Fortunately, like I said, I got a sponsor who showed me that they actually the traditions are important. And you staying for that business meeting and trying to make it a better place, more unified place by understanding what's going on is what you should be doing, not running away.
Yeah, I haven't had it. I haven't ever had an experience like that since then. So and it that was by far the worst, some of my worst group conscience experience. So, you know, it can always get better.
I
again, this concept also or the tradition, sorry, also reminds me of the other groups that were around before Alcoholics Anonymous that were helping and they were very successful. They had, I think one group had like 100,000 members at one time. And,
and this ties into some of the later traditions I'm going to talk about too, about what happened when they got very successful was I don't think I got bored or something. I think Bill talked about that in the beginning when he was writing traditions, being concerned that we would be overwhelmed by our success when a a got bigger and would forget to be responsible for it. And that's maybe what happened to these groups. But whatever it was, they started taking on
causes, personal pet projects, publicity things, going out and supporting certain political candidates.
And then they started fighting with each other and then they fell apart. And then they couldn't help any Alcoholics. And that's, and again, what all the traditions are there to kind of guard us against is that process of fighting with each other inside a A so that we fall apart.
The second tradition to that there's one ultimate authority in our a, a group. So loving God as he expresses himself in our group conscience and in that tradition.
Again, I don't want to paint Alcoholics Anonymous as a really controversial new organization, but I don't know. We tend to argue with each other. We just, I, I, I think I have, I've told people this before. I have an innate capacity to pick out another alcoholic just because we'll disagree and, and, and fight. I just naturally draw it out in people and they seem to draw it out in me. It could be a little unrecovered alcoholism,
but whatever it is, we tend to disagree a little bit and,
and this tradition comes very, very much into play in that case. That you, they always remember that it isn't me against you. It's not I'm right and you're wrong or you're right and I'm trying to battle you. That we're just, we're being guided by God and that God is the most important thing in our meetings and that we should try to do as the master would have us do. What would the right thing, what would the very best thing for Alcoholics Anonymous be? Sometimes that means making hard choices on things that we would like to do that we think are a good idea, but that may not be the best thing for all of a A
or may cause other groups to follow suit likewise, and could cause problems if everybody did it. So always thinking about other people
and remembering that God is the one that ultimately is guiding us. And
as one of my Home group members said once when we got into an adamant fight over changing the closing of our meeting, am I trying to do what's best or am I just trying to be right? Am I really trying to do what's best for a, A right now with whatever it is that I'm fighting for him? I just do. I just want to be right because I'll fight pretty hard if I want to be to be right. You know, I don't like being wrong.

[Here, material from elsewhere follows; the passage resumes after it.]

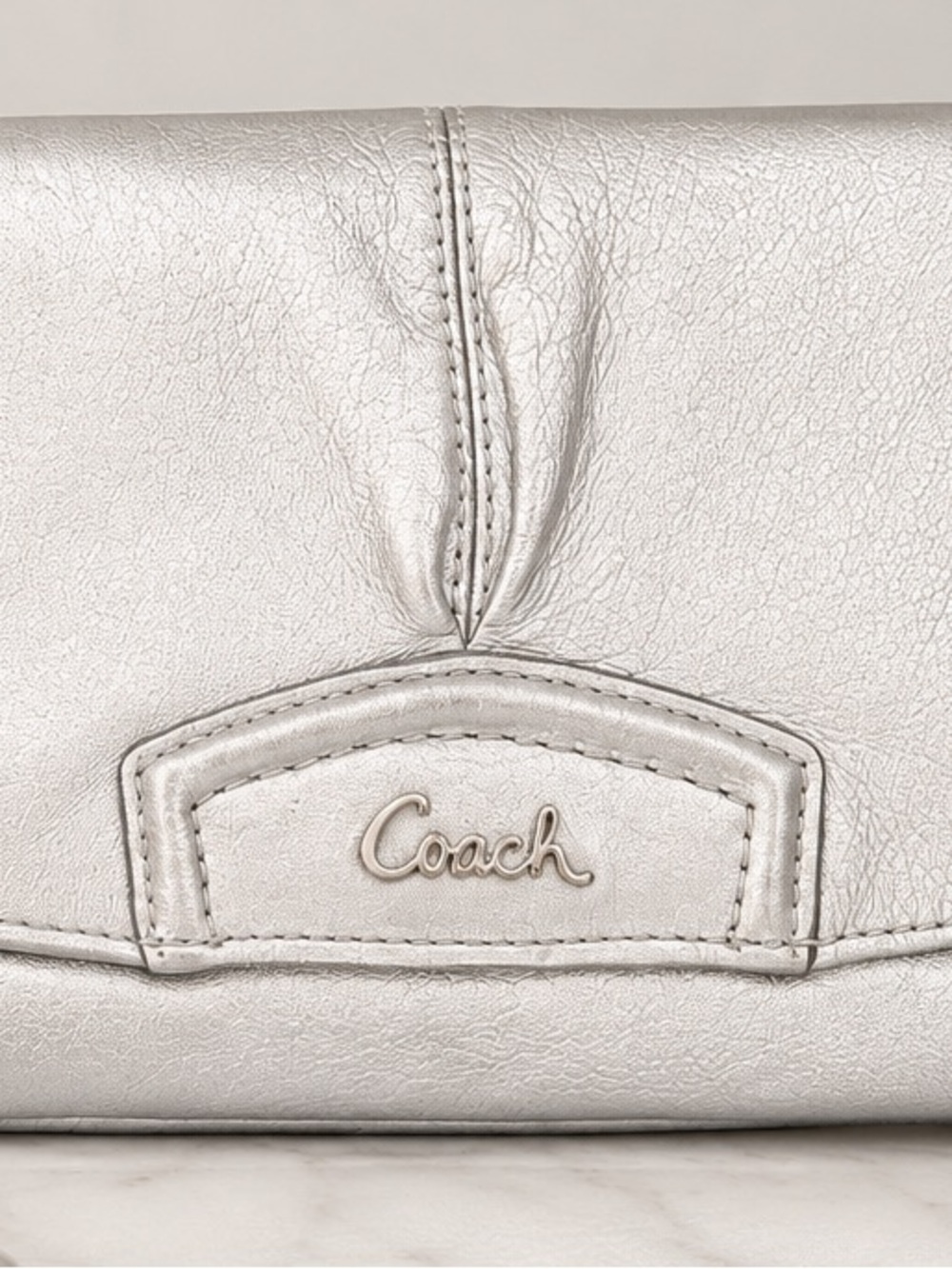 Coach Metallic Silver Wristlet Clutch - Picture 12 of 13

Another thing that the 2nd tradition reminds me of is, is the
the concept of a minority opinion or the dissenting voice.
And sometimes in the interest of unity, people will say, well everybody should just agree so that we are unified.
OK, so you're telling me that if I have a really serious objection to some sort of policy you're putting in place, I should just keep my mouth shut so that I don't upset the boat?
I have a little problem with that. That isn't what the traditions ask us to do. But they do ask us to be good leaders and be good stewards of a A and to open our minds a little bit and to listen if somebody has a dissenting opinion and listen to their opinion. Listen to what their criticism might be of a, A, A, A, you. All you have to do is Google. I think it's like the Orange Pages or something. I mean, all you have to do is Google a A and and
crock or crap or cult or anything
else you can think of and you will get so many criticisms about Cox Anonymous.
But to look at those criticisms, and Bill had those criticisms early when I ate early first started too, you know, that it was a way too religious of an organization And they were drawn. And I think in the 70s there was a criticism or 60s that Alcoholics Anonymous was destroying religious organizations because they were anti religious and it was just a big group of people who hated religion. And so those types of things are things to watch out for,
aware of those to say, you know, and that gets into our later traditions, of course, but that we always look at those criticisms for their value and we listen to the dissenting voice and we don't try to stifle it, that we try to hear it and say, is there any validity to what they're saying at all? And these are ways we can grow and become more effective in Alcox Anonymous. The third tradition,
probably the only one I knew when I first came in because I would run around citing it. I can be here. The third tradition, I can be here. Anybody can be here if I say I have a, if I have a problem, a desire to stop drinking
and, and it is, you know, the only requirement for a membership is a desire to stop drinking. The only requirement we're Alcoholics Anonymous. I don't know how much more clear it can be. That's what we do. You know, it'd be like if you went to what's a podiatrist do? Are they foot doctor? If you went to podiatrist and said my ears, nose and throat hurt. And then the doctor, he's not being mean, he's not being rude. He's just saying that's outside of our area of expertise. I do not do ear, nose and throat. I do feet.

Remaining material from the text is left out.